▸ Task statement: Print only the lines below from the one with "Siêu phẩm Ferrari" to the one with "Certified 2026 Porsche Macan AWD/4WD image 6", both included, exactly as they stand. Leave pictures out.

▸ Provided information:
Segment Open

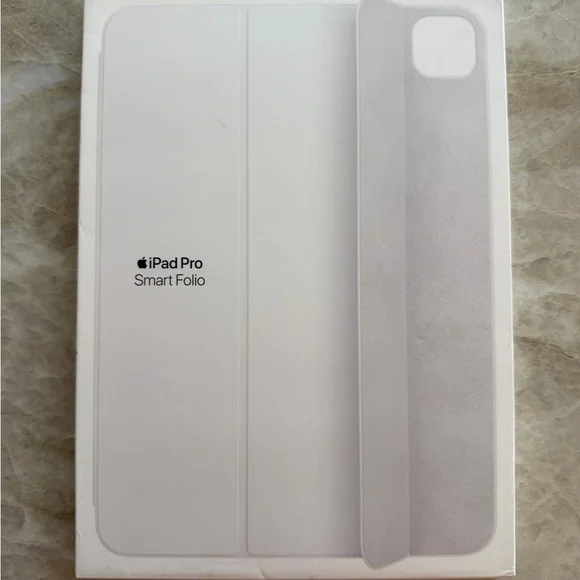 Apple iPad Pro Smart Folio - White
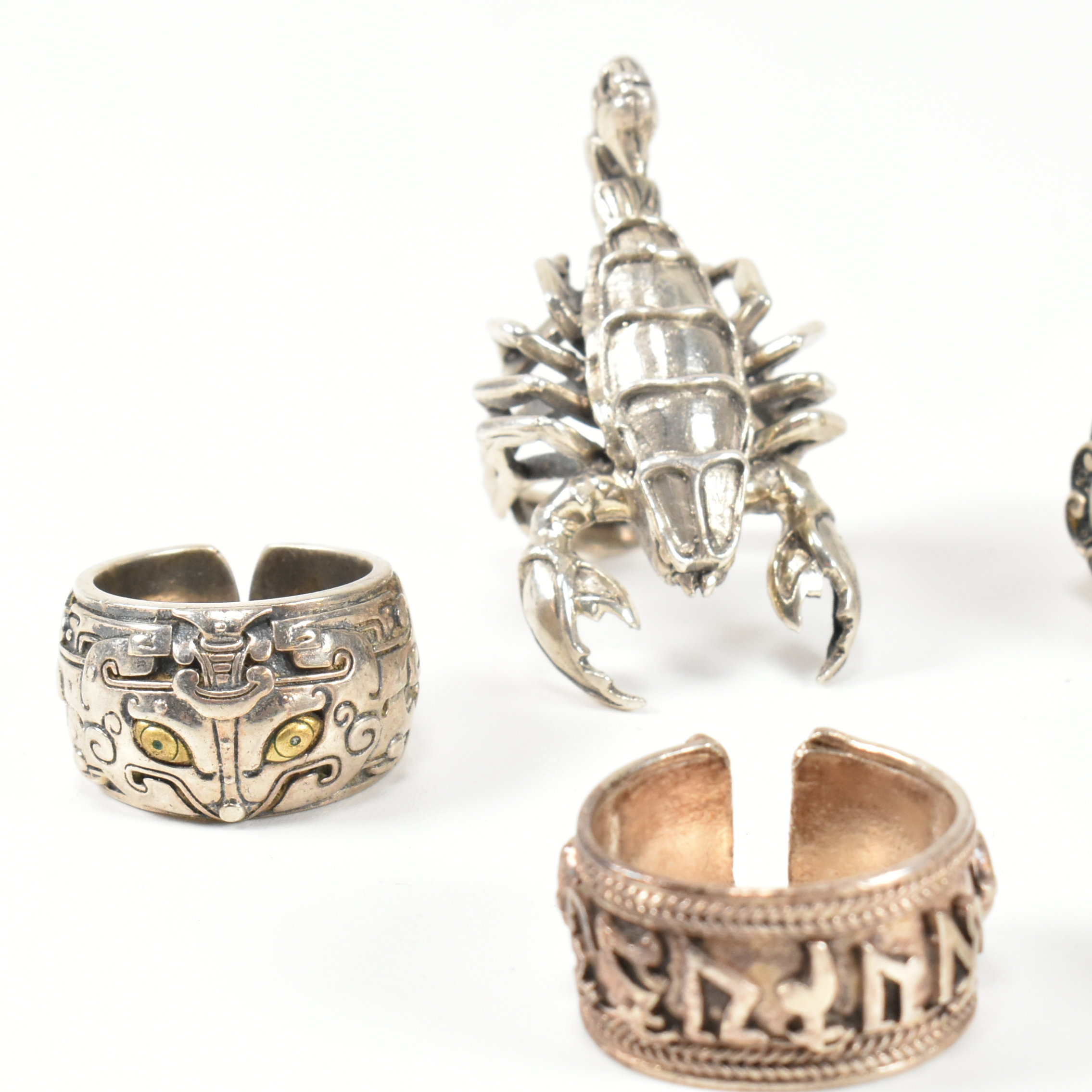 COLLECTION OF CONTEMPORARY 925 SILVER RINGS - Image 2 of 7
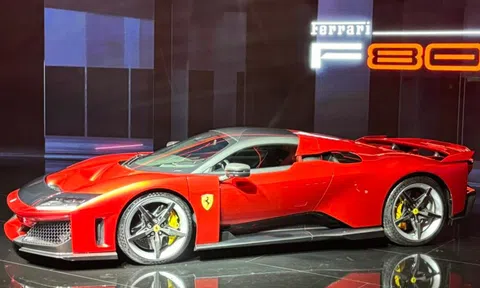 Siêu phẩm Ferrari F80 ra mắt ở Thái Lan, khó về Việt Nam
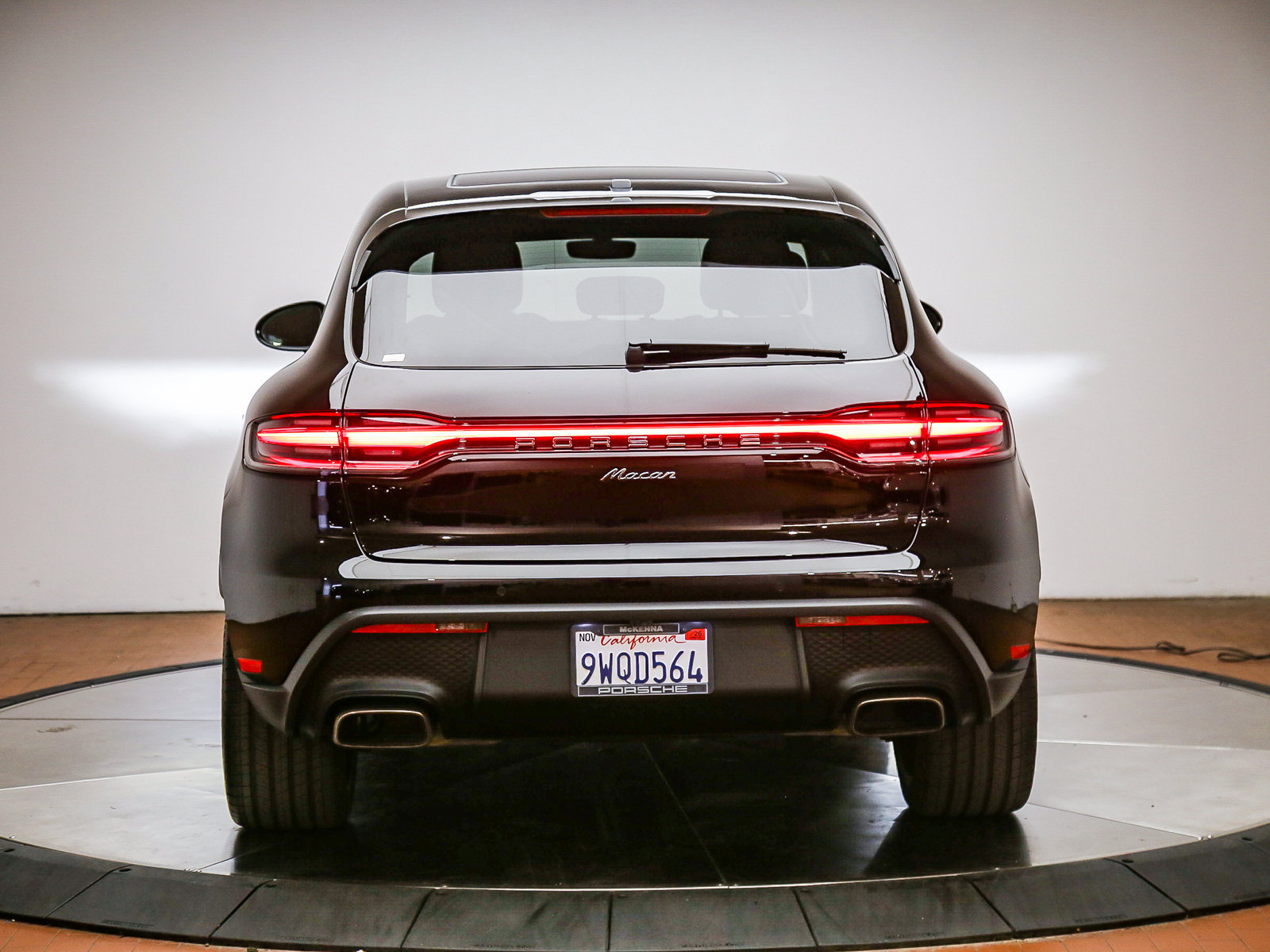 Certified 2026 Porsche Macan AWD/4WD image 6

Segment Closed
Segment Open

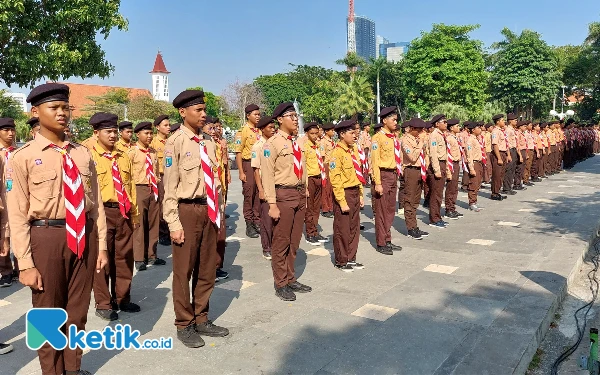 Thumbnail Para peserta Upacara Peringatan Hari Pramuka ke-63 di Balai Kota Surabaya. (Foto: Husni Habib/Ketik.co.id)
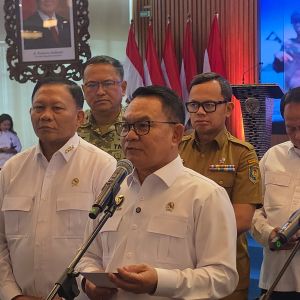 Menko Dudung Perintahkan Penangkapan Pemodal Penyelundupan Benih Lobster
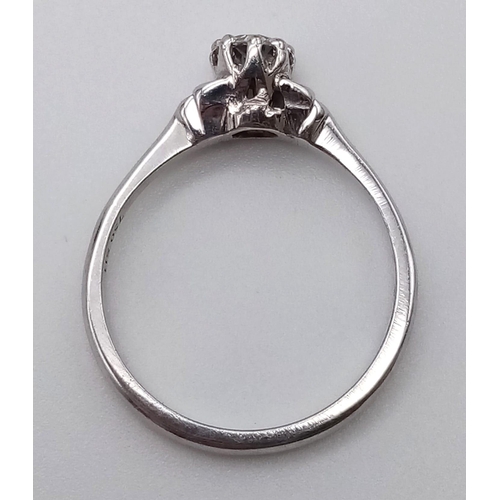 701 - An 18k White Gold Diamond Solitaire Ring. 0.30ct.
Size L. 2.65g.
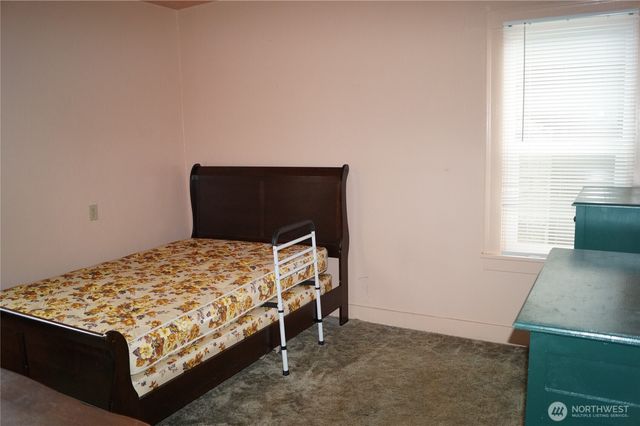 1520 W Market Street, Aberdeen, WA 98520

Segment Closed

▸ Answer space:
 Siêu phẩm Ferrari F80 ra mắt ở Thái Lan, khó về Việt Nam
 Certified 2026 Porsche Macan AWD/4WD image 6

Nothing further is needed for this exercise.